U.S. stocks traded lower on Thursday in response to yet another bunch of data suggesting that consumer spending is weakening in the face of a slowing economy and the most aggressive of inflation in 40 years. Subsequently Dow Jones declined 0.8% to 30,775.43, S&P 500 declined 0.9% to 3,785.38 while Nasdaq 100 declined 1.3% to 11,028.74. The 10-year yield Treasury was down by 5 basis points to 2.96%. Gold also declined 0.5% to $1,797.81 per ounce while WTI crude fell 0.5% to $105.22 per barrel.

Russia has confirmed the withdrawal of its troops from Ukraine’s Snake Island in the Black Sea calling the decision a gesture aimed at easing grain shipments in Ukraine. However, there was no sign of a deal on deliveries aimed at easing a global food crisis. At the same time, Russian missile attacks near Ukrainian port city of Odesa early this Friday killed at least 18 people including civilians. Russian stock market fell for a fourth consecutive day this morning heading for its worst week since the start of invasion to Ukraine.
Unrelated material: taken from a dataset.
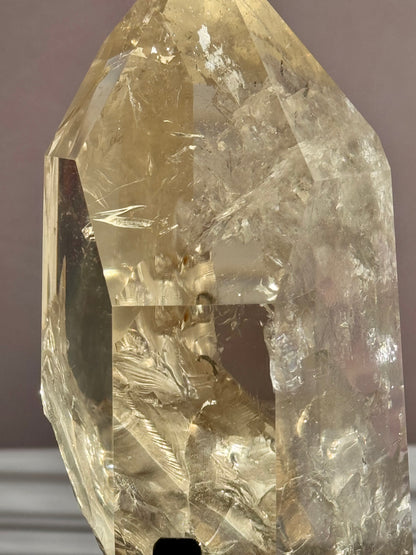 Large Citrine Statement Piece with Natural Rainbows –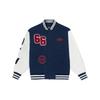 Vans Logo Embroidered Loose Baseball Jacket Unisex Jackets Navy-Blue VN0002ECLKZ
Gazprom’s decision to scrap a record dividend kept weighting the sentiment down.  IMOEX fell 0.8% to 2250 this morning with Gazprom leading the losses. Gazprom fell as much as 5% adding to a 30% slump from the day before. By contrast, Sberbank, Rosneft rose with gas company Novatek heading for its third week of gains. Russian ruble continued depreciating against the US Dollar after the biggest loss in a month on Wednesday when Finance Minister Anton Siluanov said the government is considering investing in currencies of “friendly countries”. USDRUB was up almost 2% this morning at 53.32 and EURRUB up 2.25% at around 56. Despite the White House announcement of Russia’s default this Monday, Russian Sovereign bonds continued trading mostly unchanged with Russia 28 offed in mid to high 30s and Russia 47 offered in high 20s.
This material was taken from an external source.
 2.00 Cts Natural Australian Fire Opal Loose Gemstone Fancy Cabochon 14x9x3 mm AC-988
Bunds open slightly weaker retracing trend from yesterday. The 10Y touched a high of 1.369% before dropping to 1.366%, less than 1bp down day-on-day. Peripherals mirrored the move on bunds with a relatively weak open;10Y BTPs yields went as high as 3.26% before retreating to 3.25%, 1 basis point firmer intraday. Stocks open lower as investors continue to grapple with a looming economic recession coupled with doggedly elevated inflation. Consequently, the Stoxx 600, opened lower at 405.91 compared to previous session’s closing of 407.20.

A tilt towards firmness to start the new quarter for SSA as core yields rally with 10Y UST trading sub 3%. ZAMBIN (+0.25pts) leading at the open after a run of selling that saw it underperform so far this week. The country’s inflation continues to slow with June prices rising 9.7% YoY – a 3-year low. The slowing has also been helped by an extension of fuel subsidies to September.

Activity in the Nigerian local Secondary Market for Bonds was mostly calm amid a worsening system liquidity. We witnessed mixed sentiments across the curve with some demand trickling in for the FGN 32s and 42s. Intraday, average yields were marginally down by 1bp across board. Consequently, FGN 42s closed at an offer rate of 13.01%, 4 basis point down from previous level of 13.05% while 50s closed flat. Activity in the Secondary Market for Treasury bills was bearish as weakness persisted in the Money Market. We saw improved offers as Banks endeavoured to create liquidity to fund their commitments. Day-on-day, average discount rates were mostly higher across the curve. Consequently, discount rates on 25th of August 2022 NTB & 24th of November 2022 NTB were at 6.00% (previous: 5.95%) and 6.00%(previous:5.87%) respectively. The exchange rate between the naira and the US dollar closed at N421.29/$1 at NAFEX compared to previous session’s level of N418.50/$1, a depreciation of circa 0.67%.